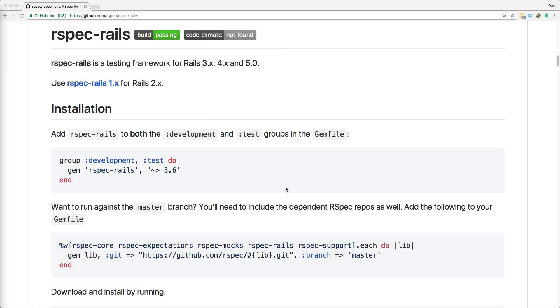In this episode, we're going to look at RSpec Rails, which is a testing framework for Rails. And while there's nothing wrong with mini-tests, I do prefer RSpec over mini-tests just because I like the syntax a bit more. However, either should get the job done.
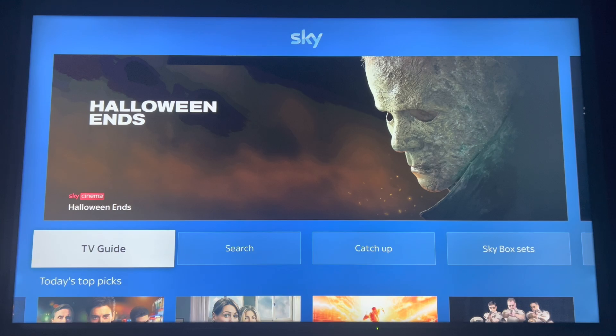The video is supposed to end. Well, this is awkward. Someone in the editing room is getting fired over this one.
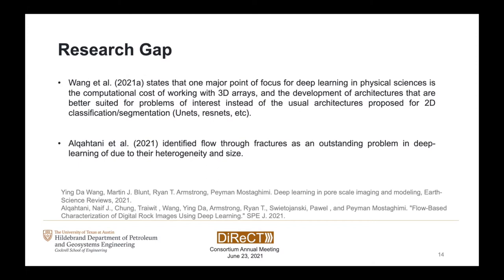A few authors in the recent literature agreed with this. Wang states that one major point of focus for deep learning in physical sciences is the computational cost of working with massive 3D arrays, and that development of architectures better suited to these problems — instead of the usual architectures for 3D classification and segmentation — is needed. Al-Qatani identifies flow through fractures as an outstanding problem in deep learning because these domains are very heterogeneous and very large, with no solution until then.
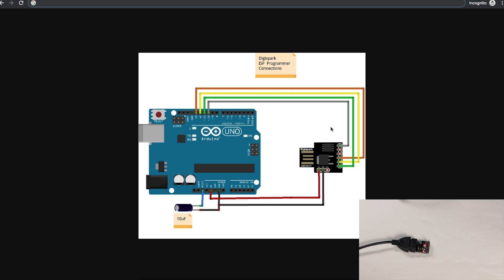I have a video on that. I'll link below as well. Now I should be able to recover from any configuration issues with this Digispark board. It's nice to be able to turn bricks back into functioning circuits.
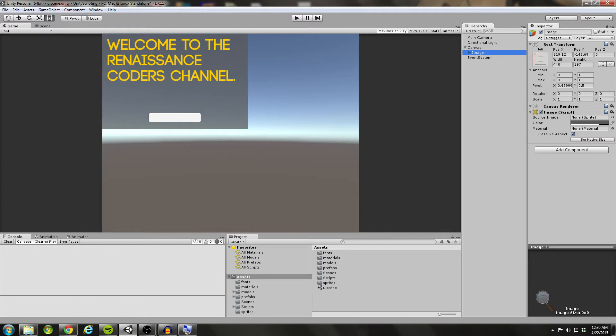That's going to conclude our tutorial where we talked about the canvas and how it can be used and customized, we talked about some common UI elements such as buttons, images and text, and we talked about rearranging those on the screen and getting them anchored in the position that we want.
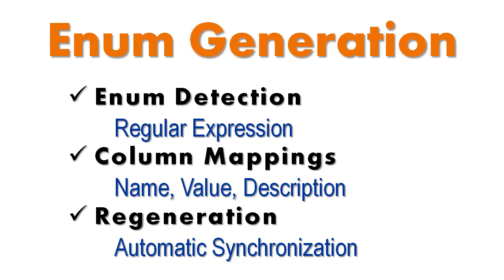This Plinko feature video will cover enum generation. Plinko is able to detect tables that can be generated as enums instead of just regular entities. Plinko can then also replace association types with these enum values. This provides a very intuitive means of dealing with status types and other magic numbers.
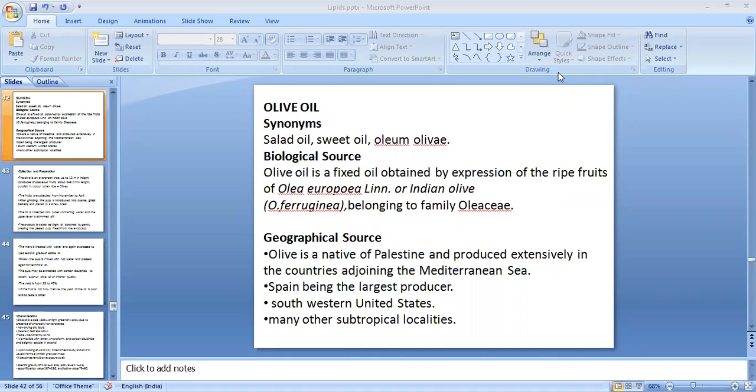Good morning. This presentation is for second-year pharmacy students and covers the pharmacognosy of olive oil and shark liver oil. These are the two drugs that come under the lipids, specifically the fixed oils.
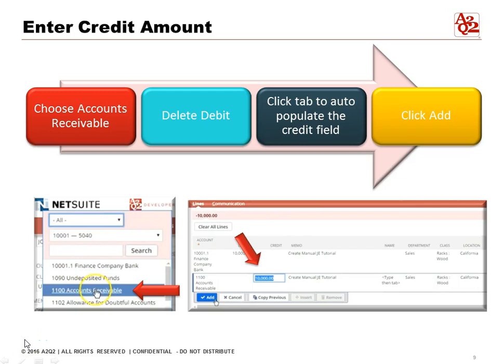Now we can enter our credit amount. To enter the credit amount we choose the GL account for Accounts Receivable. The cursor will automatically go to the debit field, but in this case we don't need a debit — we're only doing two lines — so we delete that debit amount. Once you click the tab button, the cursor will automatically go to the credit column.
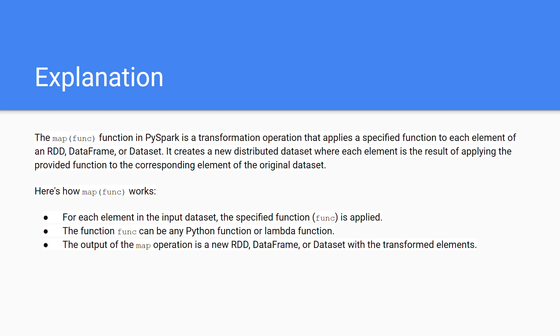And it will return an element from the function. So basically you can apply it directly on RDD, but you cannot apply it directly on data frame. The map function, you have to convert it into RDD first.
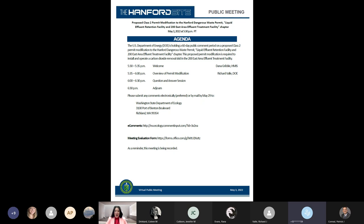Good evening. I'm Dana Cowley with contractor Hanford Mission Integration Solutions. We thank you for joining tonight's virtual public meeting, and this meeting is being recorded. Tonight's event is about installing and operating a carbon dioxide removal skid for both the liquid effluent retention facility basins and the effluent treatment facility.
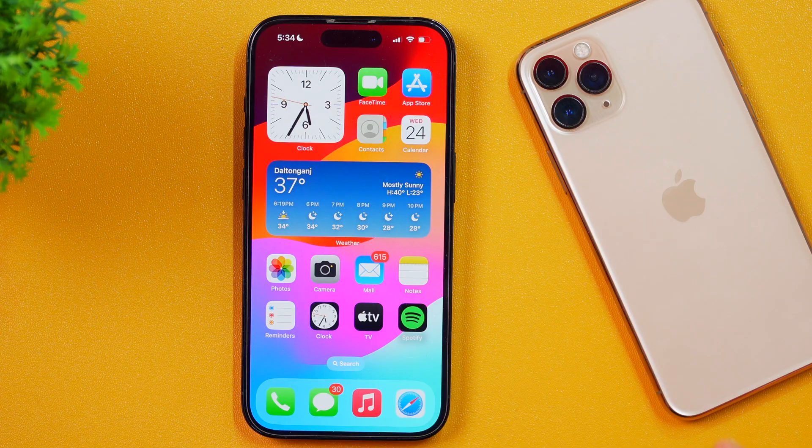In this video, you will learn how to add free music to iPhone videos. If you are looking for a way to add a free song to iPhone videos, this is the video you need to watch.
⁂
| WHAT THIS TASK INVOLVES |
Once the line containing "I have a video" has been copied, stop; everything from the first line of the data up to it must be copied exactly, without pictures.

| ANSWER SPACE |
In this episode, we're going to look at RSpec Rails, which is a testing framework for Rails. And while there's nothing wrong with mini-tests, I do prefer RSpec over mini-tests just because I like the syntax a bit more. However, either should get the job done.
The video is supposed to end. Well, this is awkward. Someone in the editing room is getting fired over this one.
A few authors in the recent literature agreed with this. Wang states that one major point of focus for deep learning in physical sciences is the computational cost of working with massive 3D arrays, and that development of architectures better suited to these problems — instead of the usual architectures for 3D classification and segmentation — is needed. Al-Qatani identifies flow through fractures as an outstanding problem in deep learning because these domains are very heterogeneous and very large, with no solution until then.
I have a video on that. I'll link below as well. Now I should be able to recover from any configuration issues with this Digispark board. It's nice to be able to turn bricks back into functioning circuits.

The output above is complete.